Why it matters: Rule 9(j) very briefly.

Rule 9(j) of the North Carolina Rules of Civil Procedure requires plaintiffs filing medical malpractice complaints to include a specific allegation that the medical care and records have been reviewed by an expert who meets certain qualifications and who is willing to testify that there was a breach of the standard of care.  If a plaintiff fails to include the Rule 9(j) language before the underlying statute of limitations expires, the complaint “shall be dismissed.”  This special pleading requirement does not apply to other types of malpractice or to ordinary negligence actions.  Rule 9(j) was enacted as an attempt to curb frivolous medical malpractice claims.  But it has had the side effect of generating more than its fair share of appellate wrangling.  Since it was enacted in 1995, well over 100 published opinions have been issued interpreting its undefined provisions, reconciling it with other procedural rules, and determining when it does and does not apply.  [See an overview here.]   One group of those opinions has examined whether the complaint actually alleged a “medical malpractice action” in the first place, or whether it merely stated a claim for ordinary negligence.  If a claim is ordinary negligence, Rule 9(j) does not apply, even if the event occurred in a medical setting and the defendant was a “health care provider.”
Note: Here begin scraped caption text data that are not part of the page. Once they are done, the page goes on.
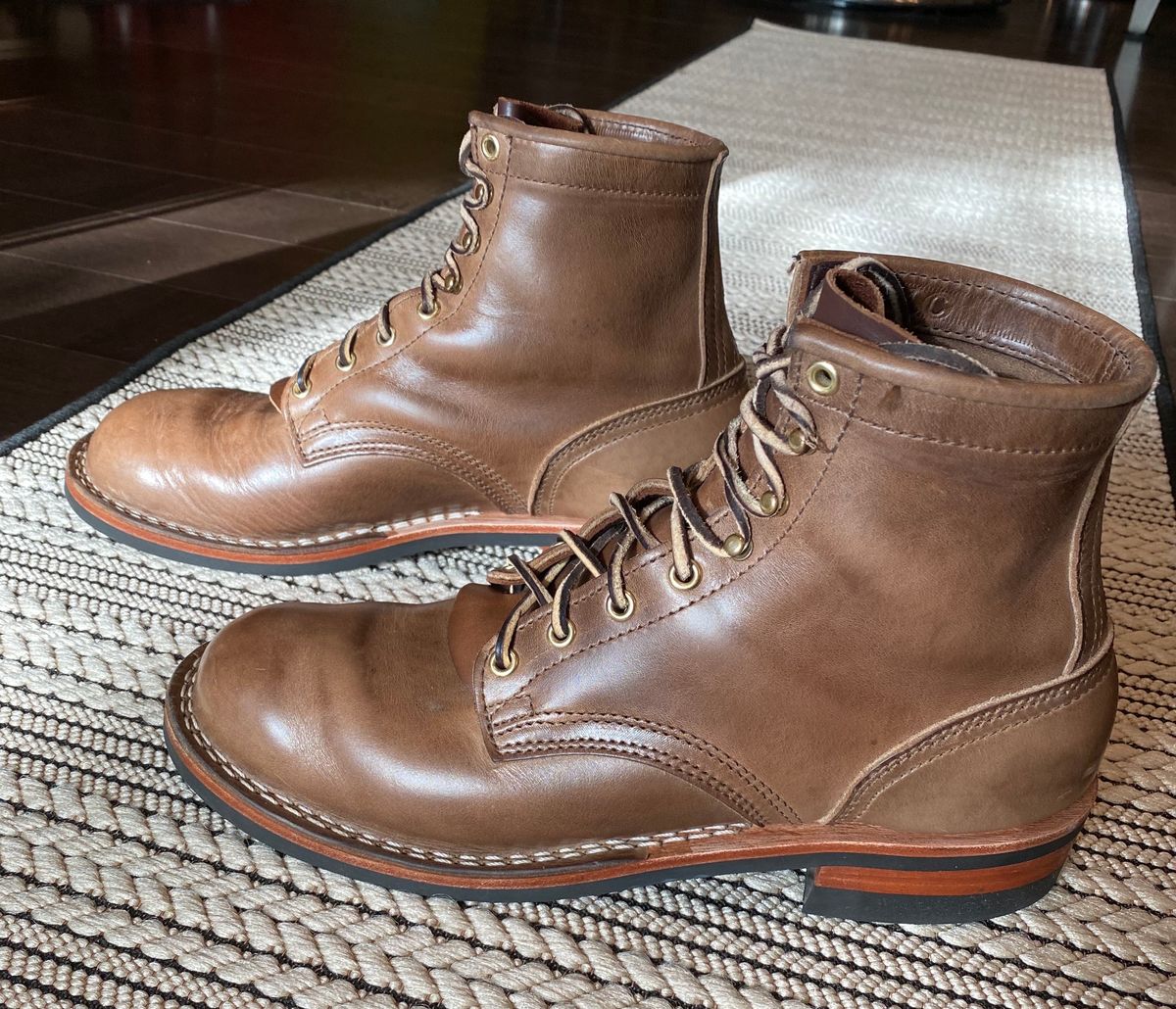 Photo by Gohilboots on November 5, 2023 of the Nicks MTO in Horween Natural Chromexcel.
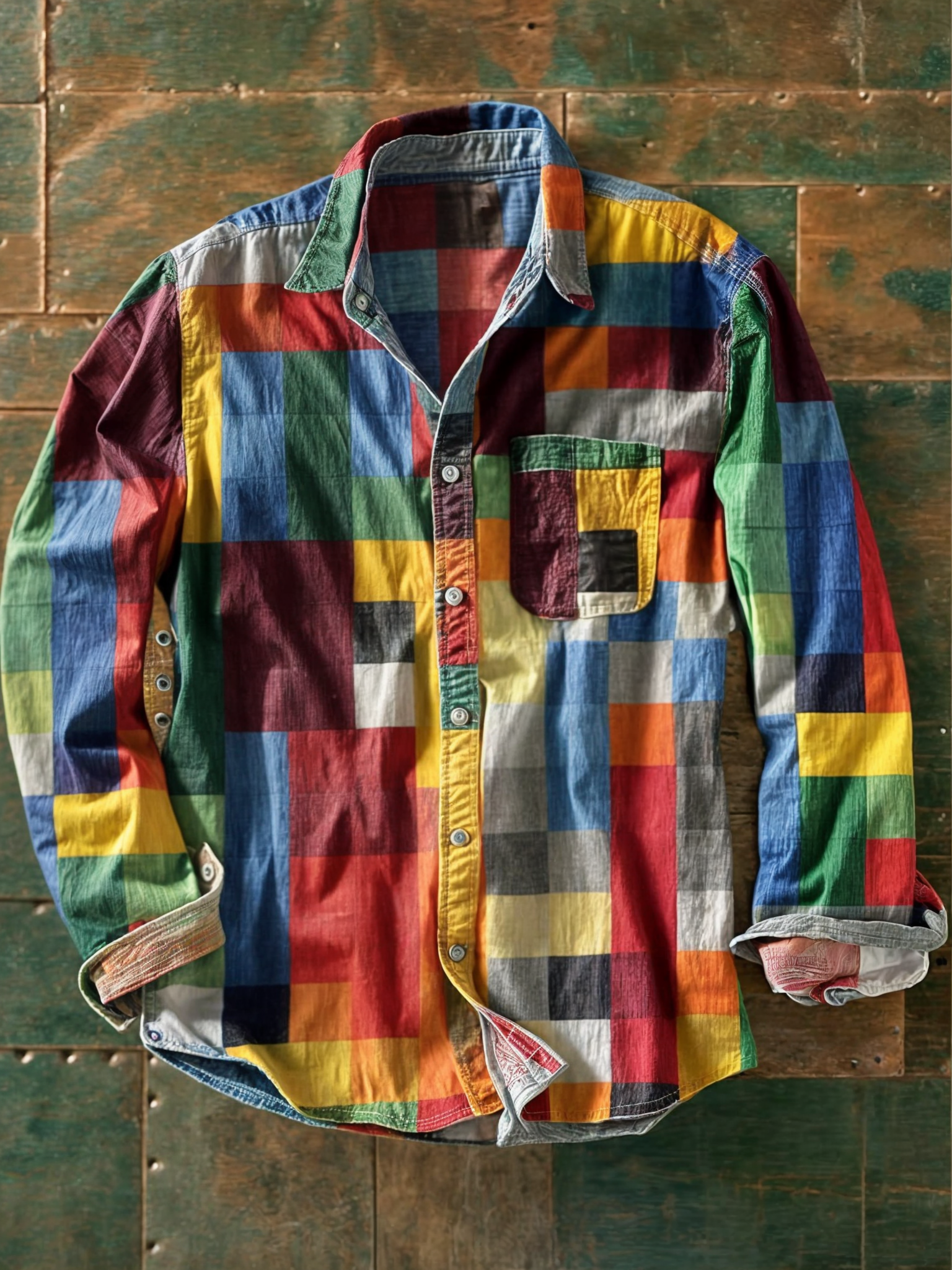 Jeff | Premium Patchwork Overhemd – Unieke Stijl & Comfortabele Pasvorm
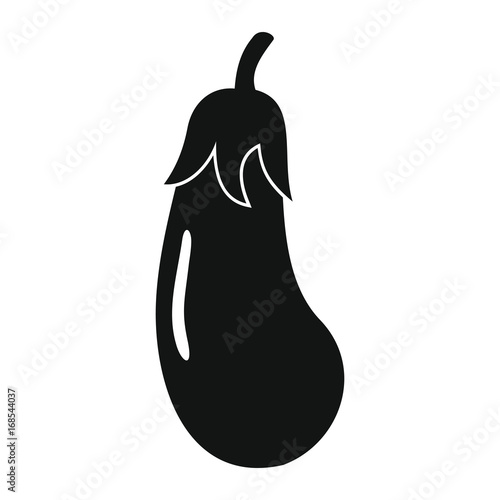 Eggplant black simple silhouette icon vector illustration for design and web isolated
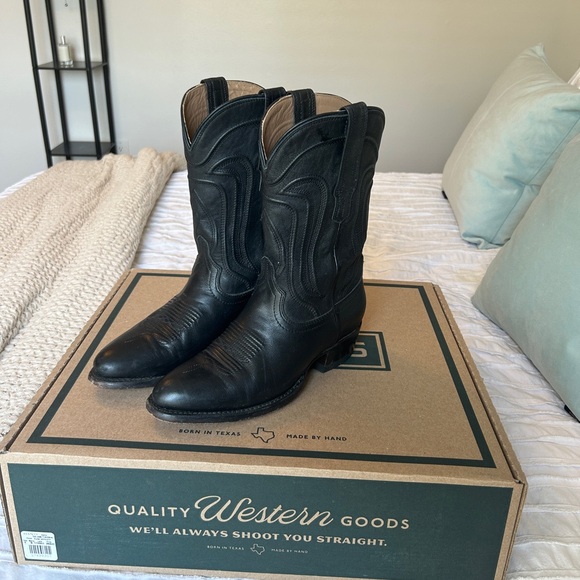 The Jamie Tecovas Black Cowgirl / Cowboy Boot - Picture 1 of 11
Falling in a medical facility

Patient falls–either from standing or lying positions—have featured somewhat prominently in these cases.  Where the court has concluded that the fall involved a provider’s clinical assessment or judgment, the claims have been classified as medical malpractice.  See Sturgill v. Ashe Memorial Hospital, Inc., 186 N.C. App. 624 (2007) (failure to restrain fall-risk patient where restraints required medical order); Deal v. Frye Reg. Med. Ctr, 202 N.C. App. 584 (2010) (unpub’d) (failure to conduct requisite fall risk screening); see also Littlepaige v. US, 528 Fed Appx 289 (4th Cir. 2013) (unpub’d) (failure to secure patient who had been placed on “falls precaution”).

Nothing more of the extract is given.